Two Guys Comment on the Book I am Reading: How Fascism Works



Reading Hannah Arendt's "Origins of Totalitarianism" led me to start reading Jason Stanley's "How Fascism Works." I happened to be reading the fascism book on a bench in 30th Street Station in Philadelphia. There was a guy napping on the bench opposite me. He woke up, looked at the cover of the book, came over and sat next to me.

He said, "Tell me how that works. Just a quick summary." So I said, "Attack the press, discredit opponents and all history, attack a scapegoat minority and you are on the way." He thanked me.

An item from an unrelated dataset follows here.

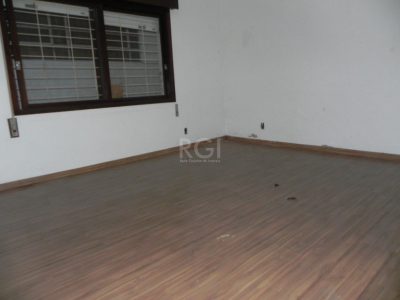 Casa à venda com 110m², 4 quartos, 1 suíte, 4 vagas no bairro Jardim Itu em Porto Alegre - Foto 3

Then he said, "My girlfriend told me the FBI said I can't ever call her or see her again in my entire life. I think they have to take me to court or arrest me or something. They wouldn't just tell her. Right?"

I said I don't know much about law, but that sounded right. He kept talking. I went to my train.

On the train, a conductor I see once in a while, a veteran, saw me reading the book and making notes in it. He said, "You are always reading some crazy shit." He laughed and kept checking tickets. When I got off the train, I passed him in the doorway.

"You take care Sarge," he said and started laughing again.



We both served in Cold War mechanized units. We talked about the Cold War a couple of times and how crazy it was that it ended. Once in a while when we were on the same train he would see me studying Ancient Greek or Russian and say, "You are one weird dude."